Within the five reels of AASF Loose Documents of 1650-1850 numerous records were found that were from other parishes. Those records have been incorporated into the following books of the corresponding dates:
Cochiti - A13;
Abiquiu: Vol I - A14, Vol II - A15

Santa Cruz: Vols I, II and II, and
Tomé: Vol. I
Taos: Vol. I

The Loose Documents of the Archives of the Archdiocese of Santa Fe are a treasure trove of miscellaneous information. There are a total of eight reels of Loose Documents (Reels #51-58), covering the period 1680-1900.

The New Mexico Genealogical Society has undertaken the task of transcribing and publishing information gleaned from the five earliest reels, #51-55, 1680-1850. The three remaining reels, covering the period 1850-1900, will be continued by the Hispanic Genealogical Research Center of NM.

Scattered throughout the five reels (AASF Reels 51 to 55) of filmed documents up to 1850 are books of patentes which includes official church notices and announcements, books of accounts, and sacramental records. Of those sacramental records (burials, baptisms, marriages including diligencias), an isolated scrap of a record may be found elsewhere. At least one is a whole or most of a book, i.e., pages bound together as in the early Abiquiu baptisms. Most are individual pages or series of pages or scraps. Some of the records were written on blank spaces of letters received by priests from superiors or other priests.

From notes by Evelyn Lujan Baca. This paragraph discusses the Cochiti and Abiquiu books, but the information also applies to the Tomé and Santa Cruz volumes of work.

. . . Mining the loose documents to record any of the baptisms from Abiquiu proved to be a treasure hunt. Fray Angelico Chavez in his Archives of the Archdiocese of Santa Fe 1789-1900 (Academy of American Franciscan History, Washington DC, 1957), had identified papers and marked and described the books in which sacramental records are to be found. He also identified the Loose Documents.
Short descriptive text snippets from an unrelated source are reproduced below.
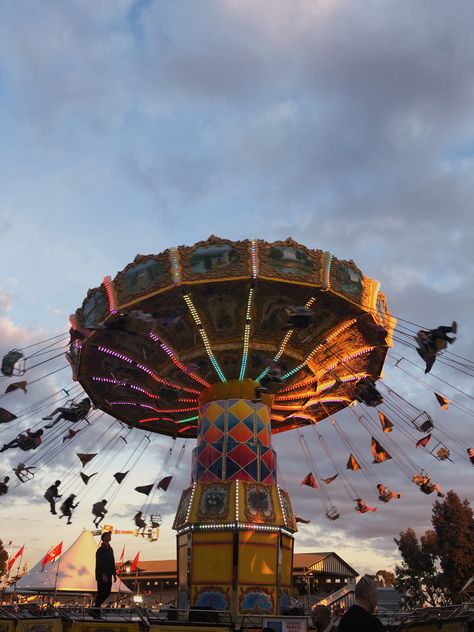 Carnival Rides Aesthetic, Carnival Drawing, Carnival Shoot, Carnival Wallpaper, Carnival Swings, Carnival Photography, Carnival Lights, Fair Rides, Ap Studio Art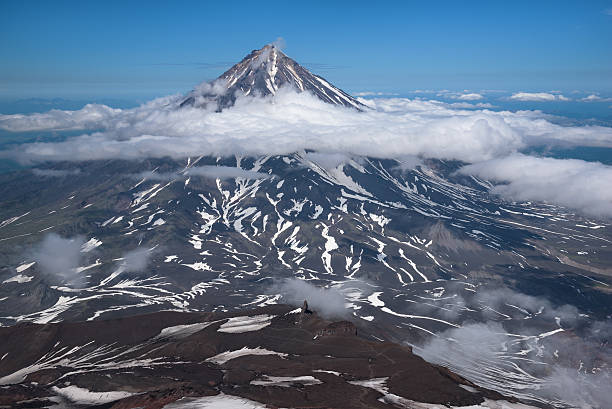 istock Top of Koryaksky Volcano seen from Avachinksy Volcano 601399160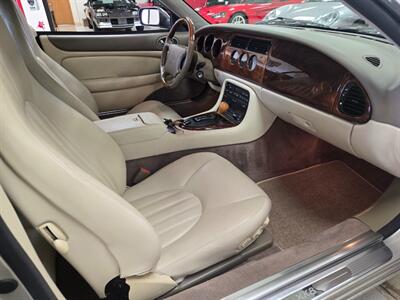 1997 Jaguar XK8   - Photo 13 - Flushing, MI 48433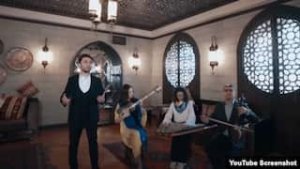 Azərbaycan və Ukrayna ifaçıları Ukraynaya dəstək məqsədi ilə birgə mahnı ifa edib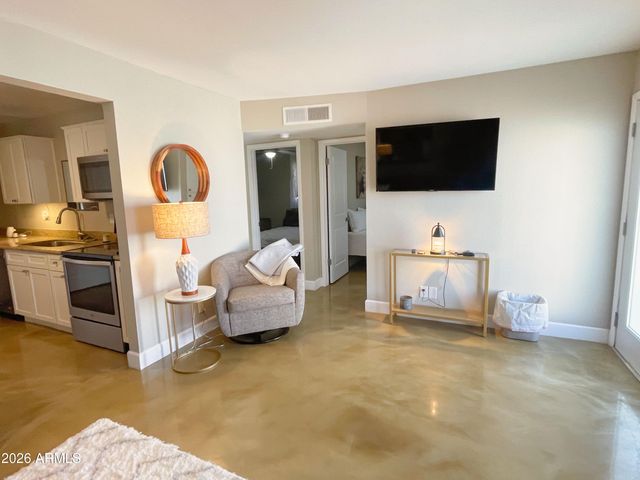 8058 E Oak Street, Scottsdale, AZ 85257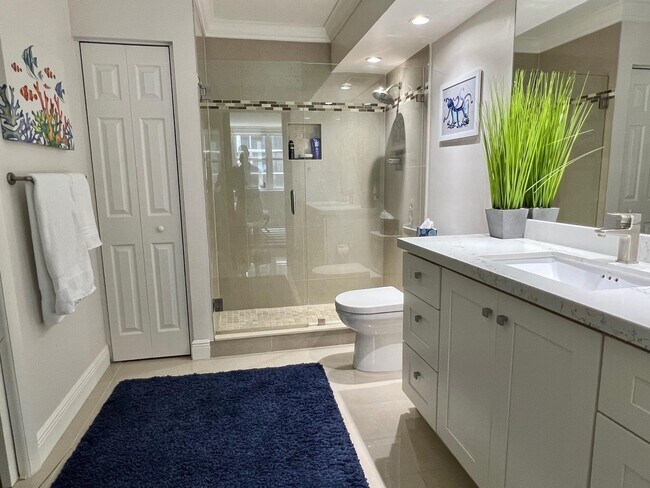 Building Photo - 5440 N Ocean Dr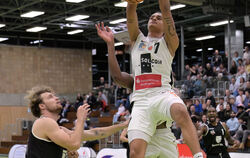 Spektakulär: Lino Duarte von den TSG Ravens lässt es per Dunking krachen.  FOTO: BAUR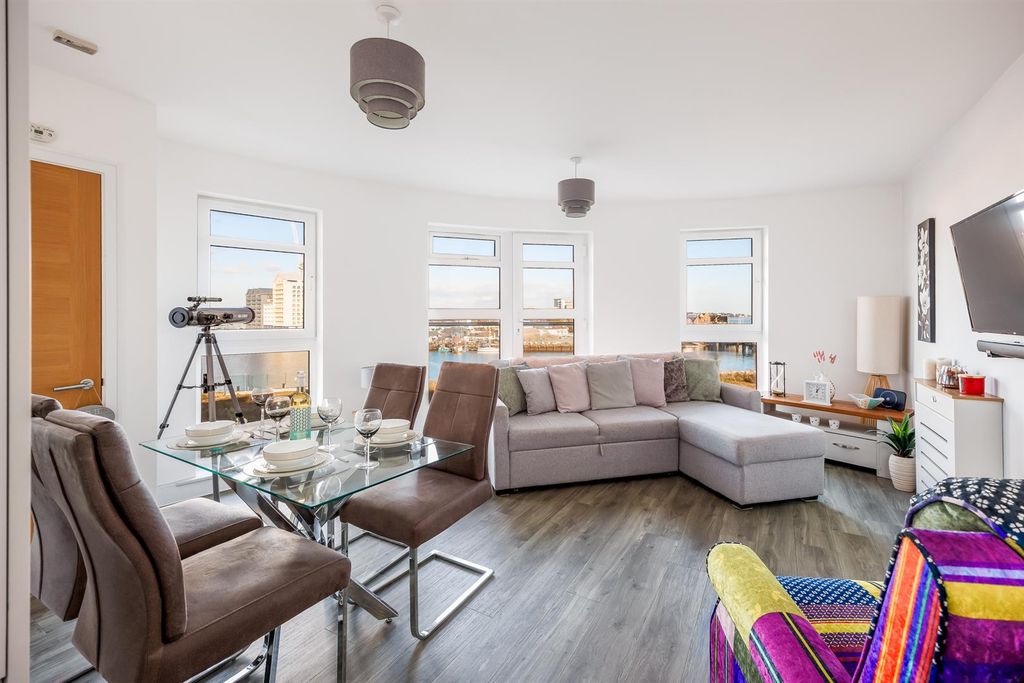 Property photo 1 of 29 Sanctuaryapt1017Jeffersonavenue-26Web300.Jpg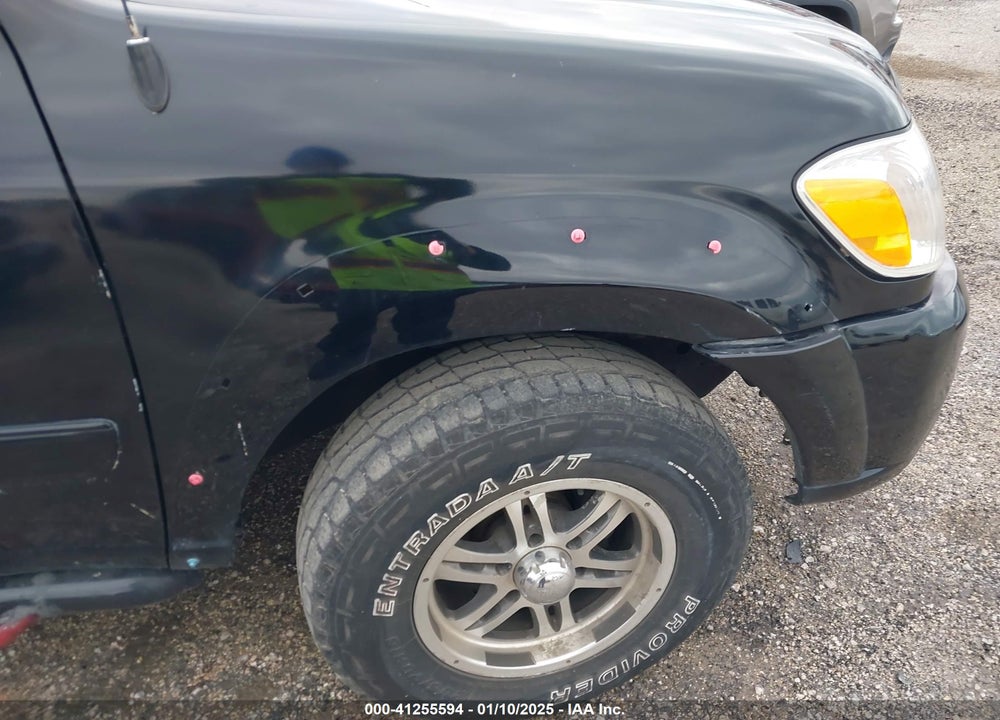 2005 TOYOTA TUNDRA LIMITED V8 VIN: 5TBDT48165S469555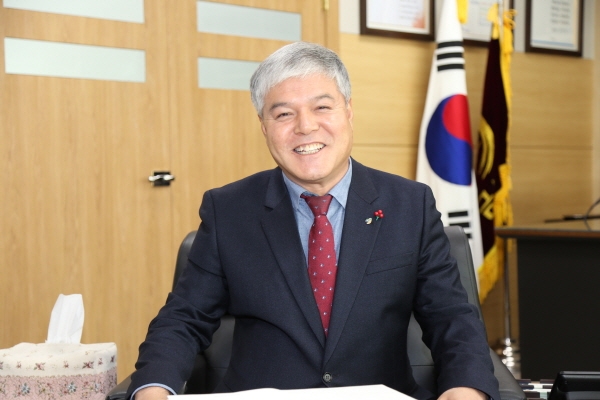 문정우 금산군수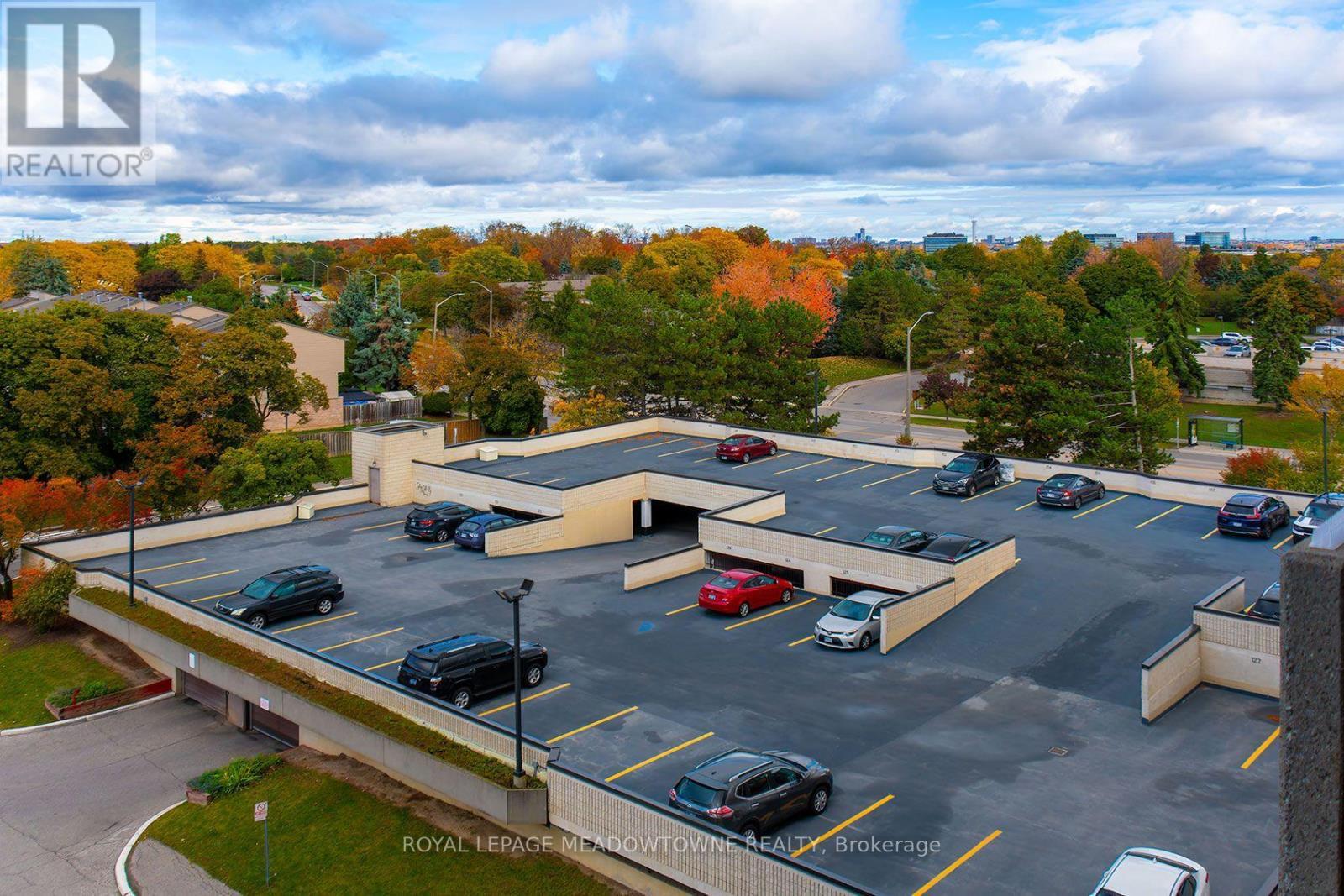 












206 - 6720 GLEN ERIN DRIVE

,
Mississauga,




Ontario
L5N3K8

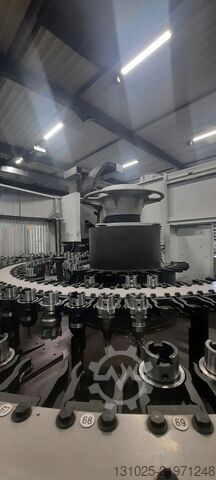 Vertikales Bearbeitungszentrum HERMLE C30U + ZM157 tooling magazine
If the place name wasn't available or easily seen he labeled it as being from the same place as the documents next to it. With a monumental work such as his, there were bound to be some errors.

Having become familiar with the names of the places near Cochiti and Abiquiu at around the same time period, we were able to correct in our book the place names of some of the baptismal entries in the Loose Documents previously labeled as being in Cochiti when the entry belonged in Abiquiu, and vice versa.

But we could not leave well enough alone. We were concerned that the baptismal loose documents from that whole stretch of land around Abiquiu which were not already covered in books of Santa Cruz, etc, including anything we found in Loose Documents labeled Rio Arriba, El Rito, San Juan, Puente, Moqui, Tierra Azul, Cañones, Coyote, etc. would not be transcribed and published.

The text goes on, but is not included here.